::: Exercise material :::

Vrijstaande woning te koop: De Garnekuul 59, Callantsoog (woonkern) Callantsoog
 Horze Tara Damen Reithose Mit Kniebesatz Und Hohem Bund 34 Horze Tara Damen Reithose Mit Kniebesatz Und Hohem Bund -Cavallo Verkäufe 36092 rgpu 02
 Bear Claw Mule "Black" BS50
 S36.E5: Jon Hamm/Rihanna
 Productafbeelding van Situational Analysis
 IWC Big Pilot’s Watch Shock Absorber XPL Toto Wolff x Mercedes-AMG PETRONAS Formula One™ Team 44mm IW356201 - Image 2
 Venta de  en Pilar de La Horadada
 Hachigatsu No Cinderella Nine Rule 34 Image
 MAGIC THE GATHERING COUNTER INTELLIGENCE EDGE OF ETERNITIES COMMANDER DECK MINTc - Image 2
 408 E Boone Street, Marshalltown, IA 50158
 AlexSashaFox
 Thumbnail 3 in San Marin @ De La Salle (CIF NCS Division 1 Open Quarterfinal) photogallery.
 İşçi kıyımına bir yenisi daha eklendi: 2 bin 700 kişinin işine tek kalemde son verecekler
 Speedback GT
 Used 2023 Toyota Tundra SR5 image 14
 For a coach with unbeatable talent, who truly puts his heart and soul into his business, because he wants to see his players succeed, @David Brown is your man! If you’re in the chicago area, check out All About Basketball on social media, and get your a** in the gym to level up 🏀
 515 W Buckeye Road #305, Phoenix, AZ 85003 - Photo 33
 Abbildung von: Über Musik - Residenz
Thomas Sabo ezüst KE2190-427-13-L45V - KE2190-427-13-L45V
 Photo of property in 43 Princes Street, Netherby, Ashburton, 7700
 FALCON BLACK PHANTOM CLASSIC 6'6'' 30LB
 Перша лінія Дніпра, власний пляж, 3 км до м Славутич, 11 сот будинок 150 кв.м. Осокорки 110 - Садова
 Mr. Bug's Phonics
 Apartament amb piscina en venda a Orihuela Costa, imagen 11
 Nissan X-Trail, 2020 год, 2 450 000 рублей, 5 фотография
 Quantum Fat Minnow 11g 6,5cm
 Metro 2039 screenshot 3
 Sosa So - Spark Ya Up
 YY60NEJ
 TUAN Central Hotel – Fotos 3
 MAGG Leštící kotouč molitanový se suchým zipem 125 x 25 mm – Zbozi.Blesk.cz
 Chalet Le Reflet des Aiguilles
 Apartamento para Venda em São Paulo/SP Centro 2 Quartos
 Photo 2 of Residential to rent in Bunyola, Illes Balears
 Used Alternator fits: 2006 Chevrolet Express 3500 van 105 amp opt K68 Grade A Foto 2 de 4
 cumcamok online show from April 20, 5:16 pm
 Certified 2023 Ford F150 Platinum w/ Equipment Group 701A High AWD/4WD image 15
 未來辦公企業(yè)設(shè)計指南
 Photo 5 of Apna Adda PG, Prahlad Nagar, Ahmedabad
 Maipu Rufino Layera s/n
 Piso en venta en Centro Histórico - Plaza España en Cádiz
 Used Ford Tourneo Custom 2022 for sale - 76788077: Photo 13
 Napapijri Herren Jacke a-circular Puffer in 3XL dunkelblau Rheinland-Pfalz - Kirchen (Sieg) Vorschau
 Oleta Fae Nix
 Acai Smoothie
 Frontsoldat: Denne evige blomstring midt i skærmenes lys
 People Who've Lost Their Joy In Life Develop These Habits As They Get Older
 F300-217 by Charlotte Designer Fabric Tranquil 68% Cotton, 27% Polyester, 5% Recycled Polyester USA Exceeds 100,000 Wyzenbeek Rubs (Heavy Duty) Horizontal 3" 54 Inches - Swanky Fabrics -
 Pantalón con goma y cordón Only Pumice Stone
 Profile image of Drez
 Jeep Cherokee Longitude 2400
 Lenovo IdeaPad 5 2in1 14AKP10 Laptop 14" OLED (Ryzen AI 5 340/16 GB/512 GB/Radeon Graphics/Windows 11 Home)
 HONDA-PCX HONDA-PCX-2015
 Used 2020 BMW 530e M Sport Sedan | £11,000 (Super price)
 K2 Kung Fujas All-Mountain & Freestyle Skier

:::

**What to do**. Please give back all of the records exactly as written.

**Reply**.
Vrijstaande woning te koop: De Garnekuul 59, Callantsoog (woonkern) Callantsoog
 Horze Tara Damen Reithose Mit Kniebesatz Und Hohem Bund 34 Horze Tara Damen Reithose Mit Kniebesatz Und Hohem Bund -Cavallo Verkäufe 36092 rgpu 02
 Bear Claw Mule "Black" BS50
 S36.E5: Jon Hamm/Rihanna
 Productafbeelding van Situational Analysis
 IWC Big Pilot’s Watch Shock Absorber XPL Toto Wolff x Mercedes-AMG PETRONAS Formula One™ Team 44mm IW356201 - Image 2
 Venta de  en Pilar de La Horadada
 Hachigatsu No Cinderella Nine Rule 34 Image
 MAGIC THE GATHERING COUNTER INTELLIGENCE EDGE OF ETERNITIES COMMANDER DECK MINTc - Image 2
 408 E Boone Street, Marshalltown, IA 50158
 AlexSashaFox
 Thumbnail 3 in San Marin @ De La Salle (CIF NCS Division 1 Open Quarterfinal) photogallery.
 İşçi kıyımına bir yenisi daha eklendi: 2 bin 700 kişinin işine tek kalemde son verecekler
 Speedback GT
 Used 2023 Toyota Tundra SR5 image 14
 For a coach with unbeatable talent, who truly puts his heart and soul into his business, because he wants to see his players succeed, @David Brown is your man! If you’re in the chicago area, check out All About Basketball on social media, and get your a** in the gym to level up 🏀
 515 W Buckeye Road #305, Phoenix, AZ 85003 - Photo 33
 Abbildung von: Über Musik - Residenz
Thomas Sabo ezüst KE2190-427-13-L45V - KE2190-427-13-L45V
 Photo of property in 43 Princes Street, Netherby, Ashburton, 7700
 FALCON BLACK PHANTOM CLASSIC 6'6'' 30LB
 Перша лінія Дніпра, власний пляж, 3 км до м Славутич, 11 сот будинок 150 кв.м. Осокорки 110 - Садова
 Mr. Bug's Phonics
 Apartament amb piscina en venda a Orihuela Costa, imagen 11
 Nissan X-Trail, 2020 год, 2 450 000 рублей, 5 фотография
 Quantum Fat Minnow 11g 6,5cm
 Metro 2039 screenshot 3
 Sosa So - Spark Ya Up
 YY60NEJ
 TUAN Central Hotel – Fotos 3
 MAGG Leštící kotouč molitanový se suchým zipem 125 x 25 mm – Zbozi.Blesk.cz
 Chalet Le Reflet des Aiguilles
 Apartamento para Venda em São Paulo/SP Centro 2 Quartos
 Photo 2 of Residential to rent in Bunyola, Illes Balears
 Used Alternator fits: 2006 Chevrolet Express 3500 van 105 amp opt K68 Grade A Foto 2 de 4
 cumcamok online show from April 20, 5:16 pm
 Certified 2023 Ford F150 Platinum w/ Equipment Group 701A High AWD/4WD image 15
 未來辦公企業(yè)設(shè)計指南
 Photo 5 of Apna Adda PG, Prahlad Nagar, Ahmedabad
 Maipu Rufino Layera s/n
 Piso en venta en Centro Histórico - Plaza España en Cádiz
 Used Ford Tourneo Custom 2022 for sale - 76788077: Photo 13
 Napapijri Herren Jacke a-circular Puffer in 3XL dunkelblau Rheinland-Pfalz - Kirchen (Sieg) Vorschau
 Oleta Fae Nix
 Acai Smoothie
 Frontsoldat: Denne evige blomstring midt i skærmenes lys
 People Who've Lost Their Joy In Life Develop These Habits As They Get Older
 F300-217 by Charlotte Designer Fabric Tranquil 68% Cotton, 27% Polyester, 5% Recycled Polyester USA Exceeds 100,000 Wyzenbeek Rubs (Heavy Duty) Horizontal 3" 54 Inches - Swanky Fabrics -
 Pantalón con goma y cordón Only Pumice Stone
 Profile image of Drez
 Jeep Cherokee Longitude 2400
 Lenovo IdeaPad 5 2in1 14AKP10 Laptop 14" OLED (Ryzen AI 5 340/16 GB/512 GB/Radeon Graphics/Windows 11 Home)
 HONDA-PCX HONDA-PCX-2015
 Used 2020 BMW 530e M Sport Sedan | £11,000 (Super price)
 K2 Kung Fujas All-Mountain & Freestyle Skier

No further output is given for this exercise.